Convencido de su sorpasso en el reordenamiento del statu quo mundial, Aznar salió el encuentro de George Bush, el alguacil del Condado de Houston. Un papel paradójicamente similar al de los austracistas catalanes en la guerra dinástica (hace 300 años) contra Felipe de Anjou. Aquel conflicto, revisitado hoy por los indepes (ya son ganas) como la referencia de la nación, desembocó en Utrech, la última ratio de un capítulo de nuestra historia. Y la mirada atlántica no volvió hasta la llegada al poder de Leopoldo Calvo Sotelo, con la entrada de España en la OTAN, en mayo de 1982.

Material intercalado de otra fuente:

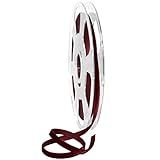 Morex Ribbon, Nylon, 5/16 inch by 11 Yards, Merlot, Item 01207/10-614 Nylvalour Velvet Ribbon, 5/16" | Amazon (US)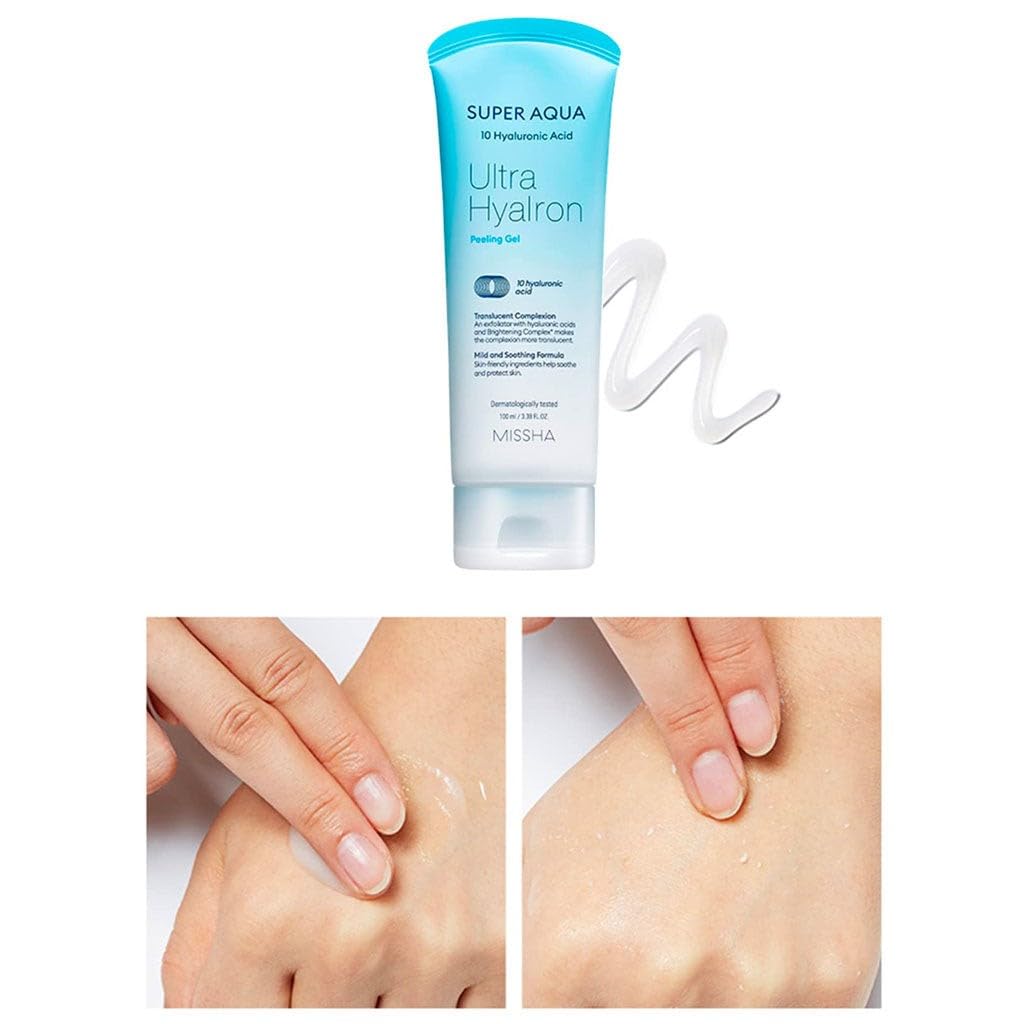 Super Aqua Peeling Gel - Ultra Hydrating Exfoliator for Radiant Skin | 150ml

Aznar supuso que la OTAN era eterna, que el euro era obra suya, que la guerra contraterrorista se gana solo a cañonazos, que la unidad de España no precisa retoques ni debates
Felipe recurrió pocos años después a un referéndum para justificar su giro, convencido de que sin los aliados no habría proyecto europeo. Se la jugó a una carta igual que se la había jugado en el congreso de Suresnes, al rechazar el marxismo ante sus militantes. Aznar, por su parte, supuso que la OTAN era eterna, que el euro era obra suya, que la guerra contraterrorista se gana solo a cañonazos, que la unidad de España no precisa retoques ni debates. Abrazó tesis teologales; supuso demasiado y la Navaja de Ockham parte del principio de que ante dos tesis igualadas en doctrina debemos escoger la contenga menos suposiciones.
Felipe no es ningún santo. Cree que el disimulo, hábitat de los virtuosos, exime de la mentira. Pero eso será en otras latitudes porque, en España, se coge a un mentiroso antes que a un cojo. Ha dominado su partido a base de postverdades, como lo hizo cuando destronó a Borrell, ganador de unas primarias, para meter a Almunia; no pudo con ZP, pero se ocupó de su retirada en manos de Rubalcaba. Pasa por ganador, cuando en realidad ha perdido muchas veces, la última apoyando a Susana Díaz en contra de Pedro Sánchez. Y hoy, su larga mano florentina escudriña en las federaciones --la valenciana de Ximo Puig es una muestra-- para calibrar las posibilidades de un reflujo del sanchismo.
Felipe es un barón de las tinieblas aunque, en otro tiempo, fuese el rey de Dinamarca. Pese a todo, Europa le rinde armas (se vio nítidamente el pasado sábado en Estrasburgo) en recuerdo de su enorme contribución. Felipe y José María Aznar son un príncipe de la UE frente a su hermano menor.